» Short text fragments from websites

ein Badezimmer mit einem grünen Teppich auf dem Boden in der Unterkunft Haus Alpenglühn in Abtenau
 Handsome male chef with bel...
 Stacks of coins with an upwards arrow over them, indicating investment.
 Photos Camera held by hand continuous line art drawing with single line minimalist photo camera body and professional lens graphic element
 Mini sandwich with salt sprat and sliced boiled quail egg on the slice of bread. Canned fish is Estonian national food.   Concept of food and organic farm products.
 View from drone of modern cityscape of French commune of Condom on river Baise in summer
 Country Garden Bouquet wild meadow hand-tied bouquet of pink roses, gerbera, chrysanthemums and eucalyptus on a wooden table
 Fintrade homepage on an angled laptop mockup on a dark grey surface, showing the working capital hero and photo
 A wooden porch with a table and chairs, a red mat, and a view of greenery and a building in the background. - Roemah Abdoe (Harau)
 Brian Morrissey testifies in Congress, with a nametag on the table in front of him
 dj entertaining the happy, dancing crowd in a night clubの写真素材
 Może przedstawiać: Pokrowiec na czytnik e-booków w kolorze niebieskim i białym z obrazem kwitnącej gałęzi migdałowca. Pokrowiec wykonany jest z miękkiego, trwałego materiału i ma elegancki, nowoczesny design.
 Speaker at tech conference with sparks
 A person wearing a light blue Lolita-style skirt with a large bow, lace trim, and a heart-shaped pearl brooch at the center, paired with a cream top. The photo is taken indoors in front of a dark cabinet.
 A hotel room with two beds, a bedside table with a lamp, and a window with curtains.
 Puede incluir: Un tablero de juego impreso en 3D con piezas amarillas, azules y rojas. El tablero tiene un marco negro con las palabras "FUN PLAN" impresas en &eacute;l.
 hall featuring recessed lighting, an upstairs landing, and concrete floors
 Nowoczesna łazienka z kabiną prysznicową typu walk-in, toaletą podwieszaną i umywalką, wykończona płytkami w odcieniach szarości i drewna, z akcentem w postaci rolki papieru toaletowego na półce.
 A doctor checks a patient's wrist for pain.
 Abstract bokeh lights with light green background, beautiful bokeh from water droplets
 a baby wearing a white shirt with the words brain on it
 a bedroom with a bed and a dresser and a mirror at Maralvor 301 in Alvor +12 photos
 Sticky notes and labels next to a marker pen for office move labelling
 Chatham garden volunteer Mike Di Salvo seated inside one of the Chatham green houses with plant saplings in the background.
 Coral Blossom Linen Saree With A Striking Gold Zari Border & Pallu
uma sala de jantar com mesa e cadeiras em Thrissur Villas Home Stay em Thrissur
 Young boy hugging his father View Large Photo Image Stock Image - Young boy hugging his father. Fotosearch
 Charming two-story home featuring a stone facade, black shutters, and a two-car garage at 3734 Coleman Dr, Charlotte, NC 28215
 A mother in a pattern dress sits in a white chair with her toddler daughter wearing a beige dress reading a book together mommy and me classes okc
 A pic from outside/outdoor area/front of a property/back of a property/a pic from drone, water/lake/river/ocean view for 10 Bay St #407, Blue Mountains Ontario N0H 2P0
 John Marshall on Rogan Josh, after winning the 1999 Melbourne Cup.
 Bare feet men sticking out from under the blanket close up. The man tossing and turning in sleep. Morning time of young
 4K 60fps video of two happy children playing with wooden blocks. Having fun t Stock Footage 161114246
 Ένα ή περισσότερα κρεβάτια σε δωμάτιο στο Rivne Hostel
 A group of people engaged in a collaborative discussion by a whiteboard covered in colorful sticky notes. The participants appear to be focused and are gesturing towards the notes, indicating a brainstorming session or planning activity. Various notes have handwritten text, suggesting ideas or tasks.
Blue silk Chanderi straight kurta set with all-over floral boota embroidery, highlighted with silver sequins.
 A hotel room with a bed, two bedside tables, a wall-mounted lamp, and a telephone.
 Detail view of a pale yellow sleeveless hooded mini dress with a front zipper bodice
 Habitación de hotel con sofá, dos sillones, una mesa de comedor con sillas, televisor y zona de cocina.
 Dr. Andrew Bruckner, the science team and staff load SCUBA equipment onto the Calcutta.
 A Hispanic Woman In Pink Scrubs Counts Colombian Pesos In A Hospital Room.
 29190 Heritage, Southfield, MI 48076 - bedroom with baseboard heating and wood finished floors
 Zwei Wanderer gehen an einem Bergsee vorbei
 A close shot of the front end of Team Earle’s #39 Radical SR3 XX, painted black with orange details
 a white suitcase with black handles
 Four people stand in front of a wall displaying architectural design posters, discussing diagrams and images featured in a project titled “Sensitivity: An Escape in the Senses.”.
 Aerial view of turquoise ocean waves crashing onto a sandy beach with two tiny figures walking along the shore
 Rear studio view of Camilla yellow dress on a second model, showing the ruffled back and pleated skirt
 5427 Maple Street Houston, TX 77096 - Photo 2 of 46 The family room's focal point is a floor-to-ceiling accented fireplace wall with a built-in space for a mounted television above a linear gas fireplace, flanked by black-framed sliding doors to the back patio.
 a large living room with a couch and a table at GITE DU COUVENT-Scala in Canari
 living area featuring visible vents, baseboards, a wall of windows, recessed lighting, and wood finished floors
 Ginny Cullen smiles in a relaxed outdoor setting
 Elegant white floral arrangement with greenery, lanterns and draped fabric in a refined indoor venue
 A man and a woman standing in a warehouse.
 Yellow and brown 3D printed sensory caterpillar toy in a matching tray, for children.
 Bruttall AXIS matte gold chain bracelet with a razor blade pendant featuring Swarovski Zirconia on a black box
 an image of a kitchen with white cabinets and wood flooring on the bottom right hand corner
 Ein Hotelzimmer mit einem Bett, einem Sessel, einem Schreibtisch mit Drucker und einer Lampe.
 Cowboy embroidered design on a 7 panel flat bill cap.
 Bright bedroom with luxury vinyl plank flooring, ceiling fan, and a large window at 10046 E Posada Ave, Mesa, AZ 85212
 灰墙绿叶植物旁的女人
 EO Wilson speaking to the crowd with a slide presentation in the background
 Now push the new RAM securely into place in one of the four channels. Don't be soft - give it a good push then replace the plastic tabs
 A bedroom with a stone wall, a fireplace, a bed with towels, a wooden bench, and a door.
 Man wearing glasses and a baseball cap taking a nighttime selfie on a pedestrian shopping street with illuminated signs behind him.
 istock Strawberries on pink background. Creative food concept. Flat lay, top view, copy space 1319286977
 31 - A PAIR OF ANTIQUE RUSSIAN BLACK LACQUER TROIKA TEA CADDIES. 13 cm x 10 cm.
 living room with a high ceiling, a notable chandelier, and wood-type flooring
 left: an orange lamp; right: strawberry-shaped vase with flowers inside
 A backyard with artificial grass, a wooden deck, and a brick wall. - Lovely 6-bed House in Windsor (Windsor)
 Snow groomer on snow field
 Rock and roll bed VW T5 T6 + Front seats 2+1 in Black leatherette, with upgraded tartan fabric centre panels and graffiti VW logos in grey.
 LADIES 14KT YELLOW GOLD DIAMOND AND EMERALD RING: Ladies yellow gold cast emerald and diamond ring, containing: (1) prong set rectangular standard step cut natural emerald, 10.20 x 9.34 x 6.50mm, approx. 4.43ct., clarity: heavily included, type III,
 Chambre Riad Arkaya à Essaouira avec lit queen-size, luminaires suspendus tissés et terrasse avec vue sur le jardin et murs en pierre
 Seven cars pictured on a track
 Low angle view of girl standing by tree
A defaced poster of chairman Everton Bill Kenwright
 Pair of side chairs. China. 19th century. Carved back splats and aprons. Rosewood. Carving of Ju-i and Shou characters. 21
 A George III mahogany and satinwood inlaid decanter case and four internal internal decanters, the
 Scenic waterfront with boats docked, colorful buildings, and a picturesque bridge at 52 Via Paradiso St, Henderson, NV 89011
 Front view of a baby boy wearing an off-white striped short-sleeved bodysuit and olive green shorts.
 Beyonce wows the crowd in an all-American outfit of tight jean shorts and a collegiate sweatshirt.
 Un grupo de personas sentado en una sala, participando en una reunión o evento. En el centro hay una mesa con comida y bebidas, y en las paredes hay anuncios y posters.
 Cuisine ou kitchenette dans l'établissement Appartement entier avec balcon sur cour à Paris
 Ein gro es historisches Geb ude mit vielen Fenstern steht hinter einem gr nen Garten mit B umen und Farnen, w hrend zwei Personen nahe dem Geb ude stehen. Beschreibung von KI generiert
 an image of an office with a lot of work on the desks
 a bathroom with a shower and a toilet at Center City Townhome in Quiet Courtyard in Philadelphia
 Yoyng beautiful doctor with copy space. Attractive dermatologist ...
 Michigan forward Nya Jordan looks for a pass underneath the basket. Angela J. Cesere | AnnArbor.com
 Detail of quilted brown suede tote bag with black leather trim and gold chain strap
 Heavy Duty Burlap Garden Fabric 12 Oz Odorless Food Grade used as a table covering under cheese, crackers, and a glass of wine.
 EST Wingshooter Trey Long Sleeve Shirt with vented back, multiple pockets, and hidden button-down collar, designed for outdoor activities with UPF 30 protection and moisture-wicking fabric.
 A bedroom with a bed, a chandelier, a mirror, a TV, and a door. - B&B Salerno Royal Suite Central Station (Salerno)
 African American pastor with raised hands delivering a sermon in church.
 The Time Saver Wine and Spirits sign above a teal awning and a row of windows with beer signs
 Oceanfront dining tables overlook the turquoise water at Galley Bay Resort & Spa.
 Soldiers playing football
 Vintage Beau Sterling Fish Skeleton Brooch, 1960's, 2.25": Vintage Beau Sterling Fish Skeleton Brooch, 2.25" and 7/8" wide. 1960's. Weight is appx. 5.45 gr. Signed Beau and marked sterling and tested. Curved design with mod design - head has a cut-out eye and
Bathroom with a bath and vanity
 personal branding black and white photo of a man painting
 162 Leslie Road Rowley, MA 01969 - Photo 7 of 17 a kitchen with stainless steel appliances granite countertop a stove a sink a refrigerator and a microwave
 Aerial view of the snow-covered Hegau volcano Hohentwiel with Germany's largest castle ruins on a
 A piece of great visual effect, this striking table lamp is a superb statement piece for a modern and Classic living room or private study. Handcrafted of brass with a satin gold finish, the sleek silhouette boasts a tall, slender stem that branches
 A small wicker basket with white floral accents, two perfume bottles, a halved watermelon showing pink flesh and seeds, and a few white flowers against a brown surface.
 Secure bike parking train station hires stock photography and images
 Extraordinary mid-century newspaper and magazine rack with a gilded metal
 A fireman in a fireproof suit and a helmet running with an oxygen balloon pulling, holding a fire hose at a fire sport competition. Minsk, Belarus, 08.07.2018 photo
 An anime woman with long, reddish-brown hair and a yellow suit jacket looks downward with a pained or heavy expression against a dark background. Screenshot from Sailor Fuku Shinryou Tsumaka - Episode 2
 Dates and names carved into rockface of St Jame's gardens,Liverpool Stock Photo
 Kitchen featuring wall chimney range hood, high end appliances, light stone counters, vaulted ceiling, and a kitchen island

» What to do
With the line that has "A hotel room with a" as the first and the line that has "Habitación de hotel" as the last, repeat exactly that run of lines above and no more.

» Output below
 A hotel room with a bed, two bedside tables, a wall-mounted lamp, and a telephone.
 Detail view of a pale yellow sleeveless hooded mini dress with a front zipper bodice
 Habitación de hotel con sofá, dos sillones, una mesa de comedor con sillas, televisor y zona de cocina.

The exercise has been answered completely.